Gruhnk says, "humph unghk etj ubwa weeeeunch kurrr weeeeunch pall broodge ocha
weeeeatch ooeee humph eeek alch humph bash trrg ooeee tar toorg goo" (speaking
in Gamorrean)
Salann glances to one side at the mirthful squeals of some Gamorrean, then nods
towards Ezkhil at his table. He smiles.
Marcus shrugs his shoulders with a dismissive wave of his hand, the entire
affair a bit more languid and exaggerated than it should be, due to the
consumption of a few too many shots of liquor, "Not like being right helps us,
here. We've just got to find new employment, and get offworld sooner rather than
later. Because we need the credits, and the anonymity." Dane shifts his already
slouching posture slightly, bending his outstretched leg to a more customary
sitting position before stretching the opposite one out under the table, heavy
booted foot thunking down on the floor where he intends to rest it. The
Gammorrean's jovial outburst is more or less ignored by the drunken human...
Despite the warning insult in his statement, well, there was reassurance too...
And if Pigsy is laughing, Pigsy is probably sticking around for now, "First
thing tomorrow, I start looking for someone who'll hire us on without a ship of
our own. Celwua and I 'll take care of the contract arrangements, and we'll be
back in the money, with space beneath us before the week's out." Mark his words.
It's not optimism, by the set of the man's jaw, but rather, stubborn
determination.
The Izin lifts his eyebrow, looking amused. "Safe? Here? Well, I have a hole in
the wall place you could sweep a corner out in, but it has an occasional problem
with interlopers." He plots out a short path on the table, a map without
drawings to this hidy hole. "Close by, I frequent this bar often, due to the
understanding with management."
But Ezkhil shakes his head slightly, telling the other, "Not now, later. You can
find me there, if I'm there. If you need a guard at the door for sleep, I will
be there shortly and do that."
Salann grins and shrugs, not minding either way. Then with a slight tilt of the
head, he moves as if to leave.
The Izin takes this as he likes, and settles back in thought at his table.

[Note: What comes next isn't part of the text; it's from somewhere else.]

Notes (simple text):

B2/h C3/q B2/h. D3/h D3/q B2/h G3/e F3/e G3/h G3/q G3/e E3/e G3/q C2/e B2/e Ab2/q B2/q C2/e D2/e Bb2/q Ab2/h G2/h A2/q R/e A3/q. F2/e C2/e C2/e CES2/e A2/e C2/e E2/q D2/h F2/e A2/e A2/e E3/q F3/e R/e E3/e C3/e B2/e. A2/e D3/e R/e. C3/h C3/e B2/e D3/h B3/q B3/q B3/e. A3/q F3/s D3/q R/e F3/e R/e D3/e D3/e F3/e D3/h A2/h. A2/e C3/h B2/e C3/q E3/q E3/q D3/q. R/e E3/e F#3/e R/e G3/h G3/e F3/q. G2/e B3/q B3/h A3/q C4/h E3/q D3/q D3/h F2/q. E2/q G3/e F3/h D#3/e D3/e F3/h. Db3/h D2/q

Mmm, smell the seediness. Celwua has travelled at hyperspeed throughout the
universe, and for all the troublesome types starting brawls, for every stoned
down-on-his-luck spacer and despite all the stupidity you can pack into one
room... these places always make her feel at home. Setting foot in the Meltdown
Cafe on this beautifully decadent evening, the blue-skinned Twi'lek pauses to
make a few unnecessary adjustments to her body-warmer, giving the surroundings a
token sweep of her gaze before she lets her hands fall back to her sides and
starts slipping through the crowds. Making only the most lazy efforts to avoid
the crush, she focuses mainly upon the occupied tables. Somehow she avoids any..

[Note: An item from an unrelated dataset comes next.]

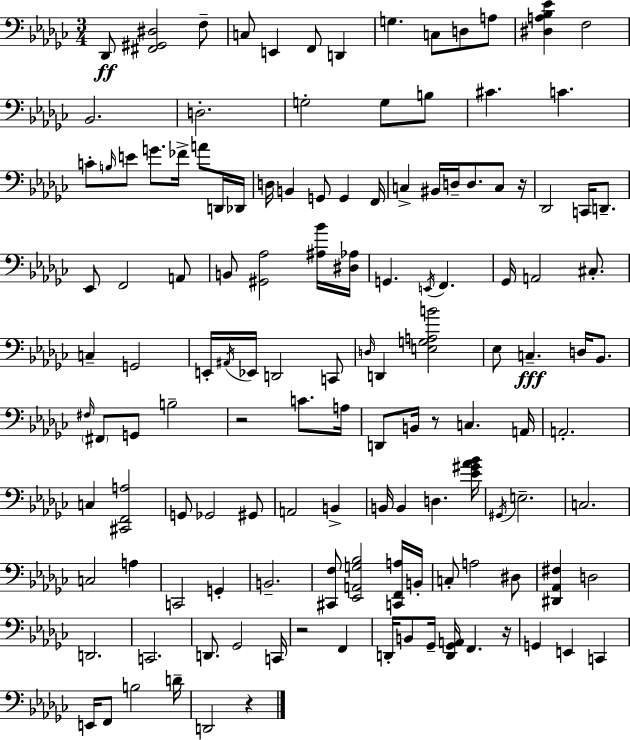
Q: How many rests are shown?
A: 6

conflicts, and it's not long before the haughty female finds the table she
desires, turning upon her heel and popping up behind the noisy Gamorrean a
moment or two later. "You know," she begins, lifting a hand to place a single
slender digit to the back of the pig-man's head, "I'm almost glad I don't have a
price on my head. With the noise you make, it would have been claimed a thousand
times over." A sarcastic smile flickers onto her lips and she looks up to toss
the other two a cursory welcome glance.
"Gruhnk, man, none of us /get/ that pig-latin, okay? Celwua.. don't encourage
him! He needs to start talking some damn sense." Kris sits there, staring at the
pair of aliens for a moment, head shaking slowly from side to side. And then,
finally, the alcohol-induced delayed reactions take off and he glances back at
Marcus, his voice low and as dead as usual, though rising slightly as he makes
his point. "Sure thing, chief. But did it ever even occur to you that we might
not even live to see the end of the week? Think about it, genius. That ship
didn't explode because it /felt/ like it."

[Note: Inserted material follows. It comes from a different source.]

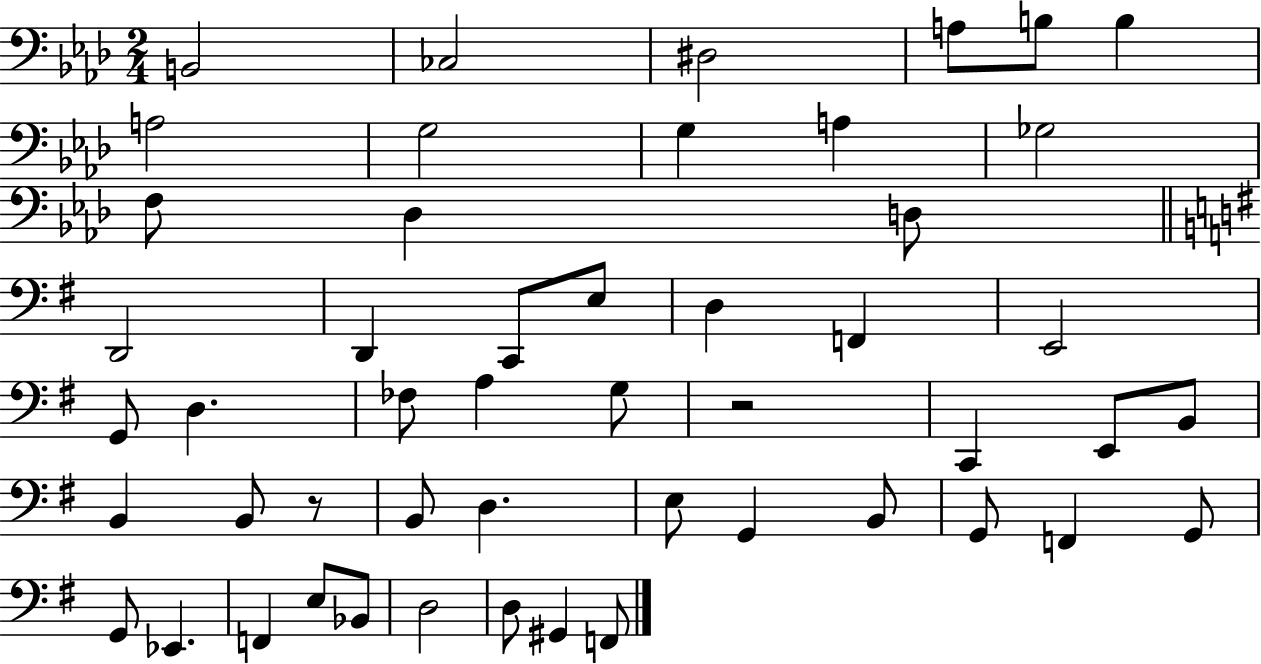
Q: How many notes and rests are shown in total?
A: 50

Gruhnk's body is so numb from the shot, a warm, tingly sensation spread over his
skin from the very appealing effects of the drug, that he doesn't feel the
finger on the back of his head. He does hear the Twi'lek's words, however, and
lazily glances over his shoulder with a grunt - obviously not too concerned with
what she has to say at the moment. Snorting loudly with his piggish nostrils,
the Gamorrean turns his gaze back to the two humans sitting across from him.
Slowly, he opens his mouth and begins to speak in a language that everyone can
understand, his voice rough and gravelly. "Not my fault.. you stupid 'umans
can't.. understand my language.." His words come out slowly and very relaxed,
the massive bodyguard still leaning back in his chair.. of course, it's only a
matter of time until he lapses back into squeals and grunts.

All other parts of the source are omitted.